Quand on voit les Juifs dispersés sur la terre, selon la parole de D-ieu, on est surpris sans doute mais pour être frappé d’un étonnement surnaturel, il faut les retrouver à Jérusalem ; il faut voir ces légitimes maîtres de la Judée esclaves et étrangers dans leur propre pays; il faut les voir attendant, sous toutes les oppressions, un roi qui doit les délivrer. (…) Les Perses, les Grecs, les Romains ont disparu de la terre ; et un petit peuple, dont l’origine précéda celle de ces grands peuples, existe encore sans mélange dans les décombres de sa patrie. Si quelque chose, parmi les nations, porte le caractère du miracle, nous pensons que ce caractère est ici. »

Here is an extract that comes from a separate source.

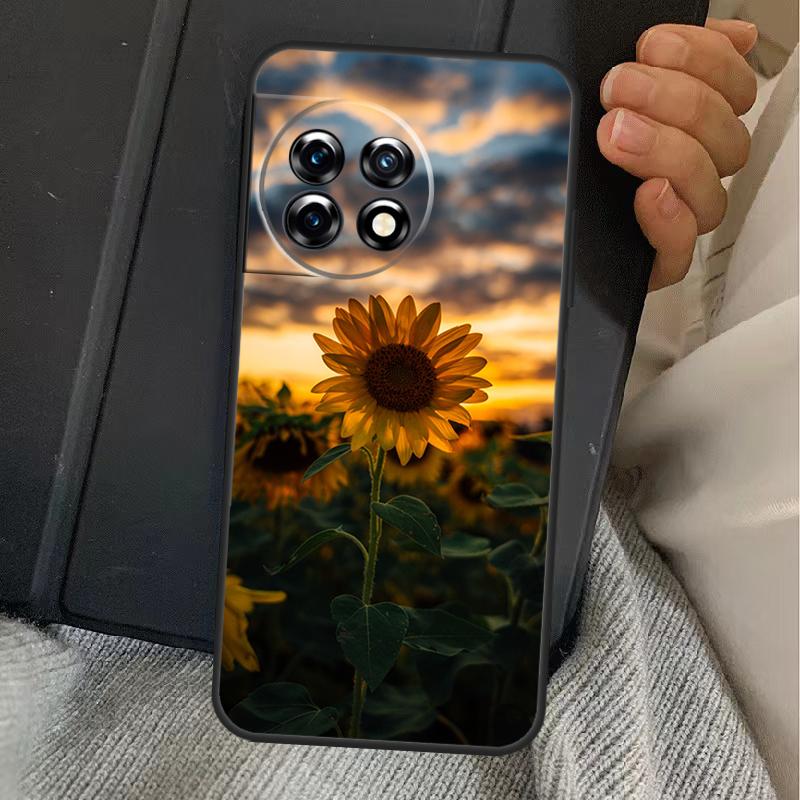 

Sunny Sunflower Case For OnePlus 13T 10T 8T 10R 12R 13R 15 13 12 11 10 9 Nord CE 5 2 3 4 Lite N20 N30 Cover OnePlus Nord 2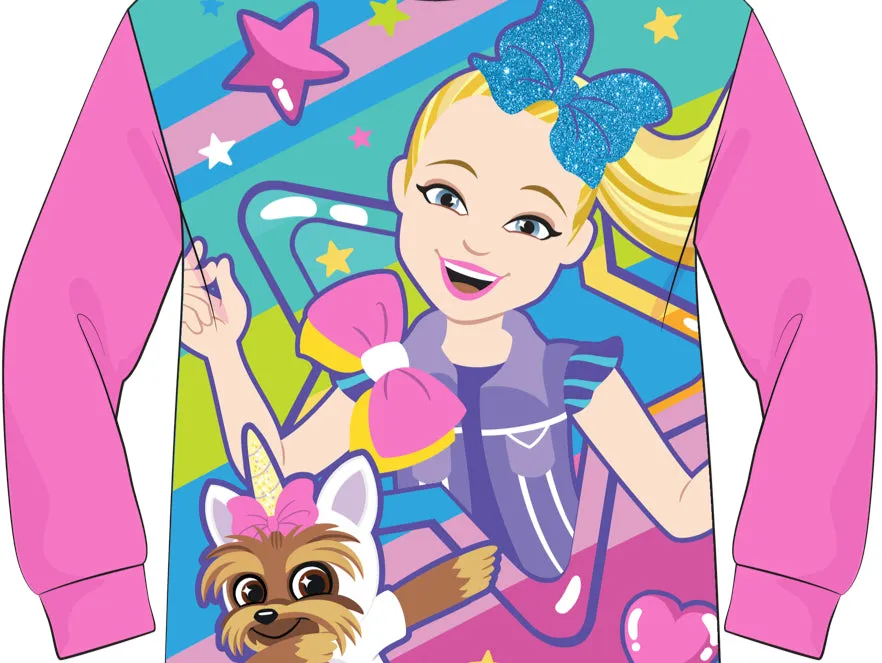 Jojo Siwa Girls Long Sleeve Dress Hooded Fleece Kids Clothing, 8-18, Pink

Vue de Jérusalem près de la vallée de Josaphat, Auguste de Forbin, 1825
A l’entrée du Mont du Temple, par Gustav Bauernfeind, 1886
Photographie Mur Occidental, 1875


Cette interrogation sur le secret de la permanence du peuple juif que manifeste François-René de Chateaubriand en 1811, relatant son périple dans Voyage en Orient, Itinéraire de Paris à Jérusalem et de Jérusalem à Paris – au passage, il décrit une Jérusalem majoritairement juive, comme d’autres voyageurs bien avant lui – trouve en partie sa réponse dans la conclusion de la Haggadah de Pessa’h, le récit de la libération miraculeuse des Hébreux, conclusion qui a été pendant dix-neuf siècles le symbole par excellence de l’espérance juive : l’an prochain à Jérusalem. Ce soir, autour de la table de fête réunissant plusieurs générations : grands-parents, parents, enfants, familles et amis vont donc perpétuer la loi de Moïse et répondre à l’injonction qui nous est faite de raconter Pessa’h, la sortie d’Egypte et la fête de la liberté, ce récit extraordinaire ordonnancé dans un cérémonial émaillé de symboles (les éléments du plateau du Seder, les matsots, les quatre coupes de vin), en nous en entretenant, en redonnant vie au récit, en le commentant et en le soumettant au questionnement des enfants (pourquoi cette nuit est-elle différente des autres nuits ?), au cours de cette soirée singulière ponctuée de questions et de réponses propre à assurer la transmission de notre identité si particulière.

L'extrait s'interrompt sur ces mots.